Il pontefice emerito scomparso il 31 dicembre scorso ha sempre affidato parole molto forti ai missionari. Lo ricordiamo con un suo discorso che pronunciò nel 2006 sull’urgenza di raccontare l’amore senza confini di Gesù ai popoli del mondo
Su Benedetto XVI – il Papa emerito spentosi il 31 dicembre scorso a 95 anni – sono state spese tante parole. Alcune preziose per custodire il cuore del magistero di Joseph Ratzinger, altre troppo schiacciate sul chiacchiericcio. Vogliamo ricordarlo qui con una sua riflessione in cui affrontava un tema per noi essenziale: la centralità dell’annuncio di Gesù Cristo e il suo rapporto con la costruzione di un mondo più giusto. Sono parole tratte da un’omelia pronunciata il 10 settembre 2006 nella “sua” Monaco di Baviera, durante il viaggio in quelli che definiva «i luoghi nei quali ho imparato a credere ed a vivere».
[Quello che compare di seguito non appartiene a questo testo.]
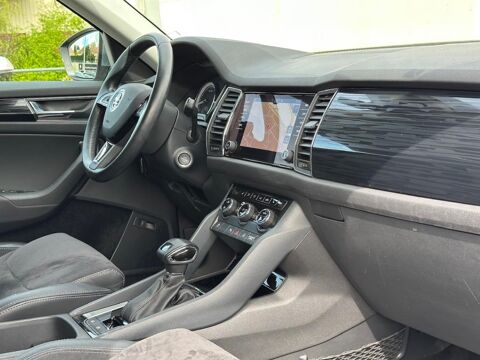 Kodiaq 1.4 TSI 150 ACT STYLE DSG6 2018 occasion 78240 Chambourcy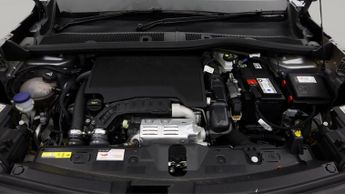 Peugeot 2008 PURETECH EAT8 S/S ALLURE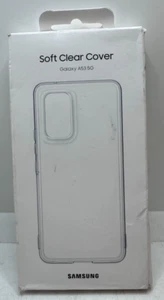 Samsung Galaxy A53 5G Soft Clear Cover / Brand New - Zdjęcie 1 z 1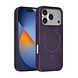 TUNIQ TUNIQ iPhone 18 Pro Back cover case - Back cover case TPU - Grape Purple TUNIQ TUNIQ iPhone 18 Pro Back cover case - Back cover case TPU - Grape Purple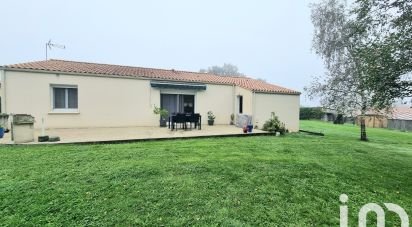 Traditional house 5 rooms of 90 m² in La Réorthe (85210)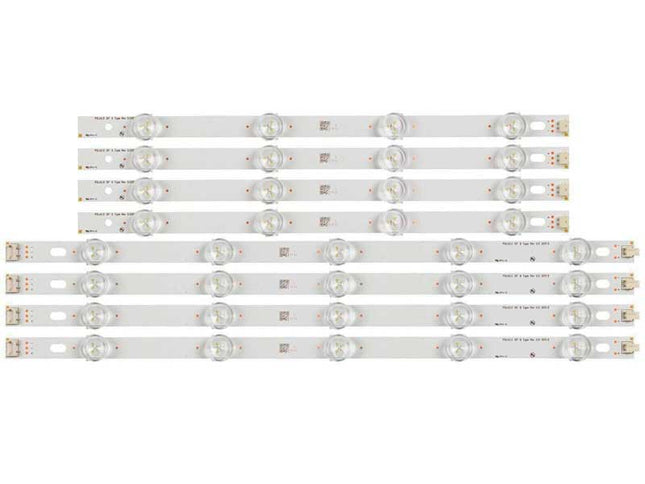 Bareta leduri LG 39inch 4+5led set 8buc
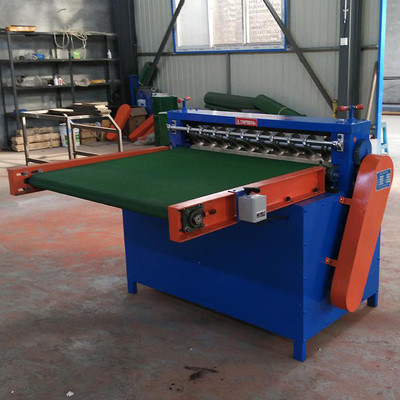 振宇机械 优质橡胶切条机供应厂家解析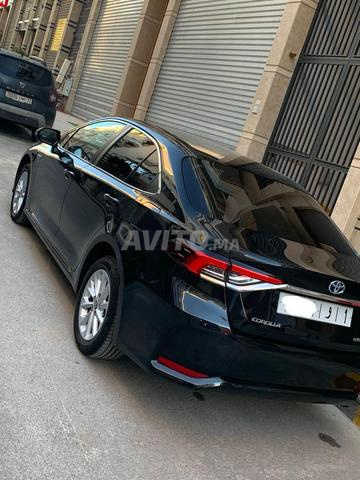 تويوتا كورولا برستيج 2020/12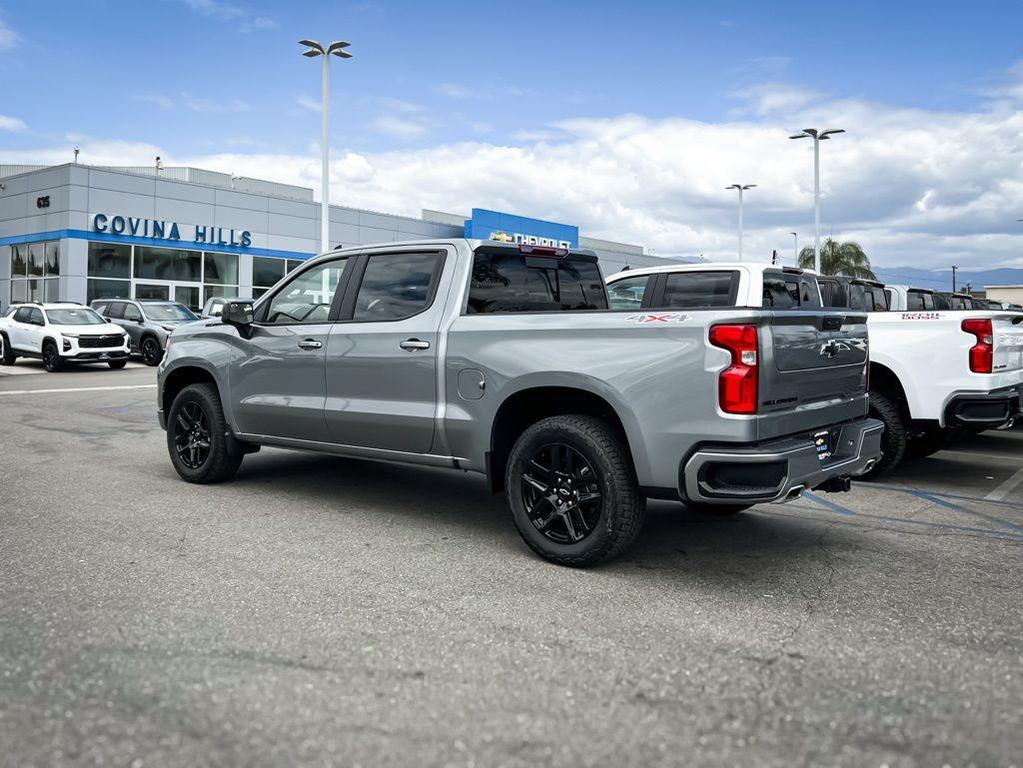 new 2026 Chevrolet Silverado 1500 car, priced at $63,450
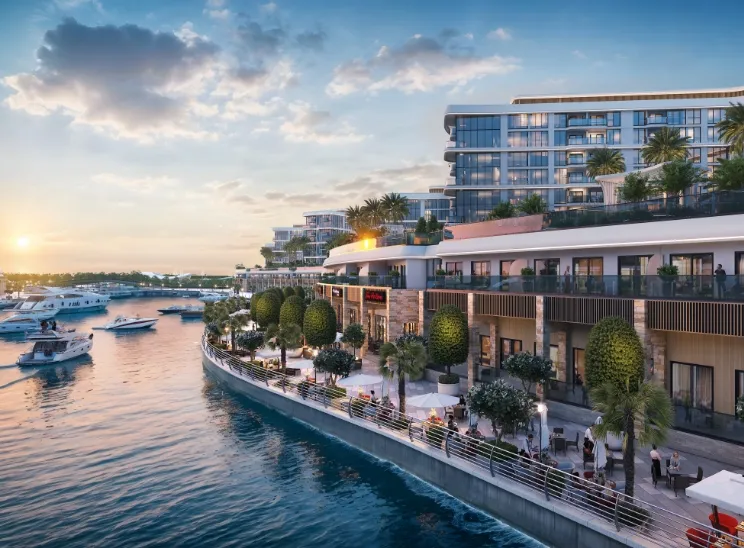 Bayside Marina Residences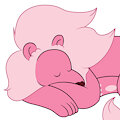 Color art: Lion from Steven Universe by LuxBrush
Vorrei raccontare un po’ delle mie esperienze negli incontri con i vescovi di tutto il mondo. La Chiesa cattolica in Germania è grandiosa nelle sue attività sociali, nella disponibilità ad aiutare ovunque ciò si riveli necessario. Durante le loro visite, i vescovi, ultimamente quelli dell’Africa, mi raccontano con gratitudine della generosità dei cattolici tedeschi e mi incaricano di rendermi interprete di questa loro gratitudine. Anche i vescovi dei Paesi Baltici mi hanno parlato di come i cattolici tedeschi li hanno aiutati nella ricostruzione delle loro chiese gravemente fatiscenti a causa dei decenni di dominio comunista.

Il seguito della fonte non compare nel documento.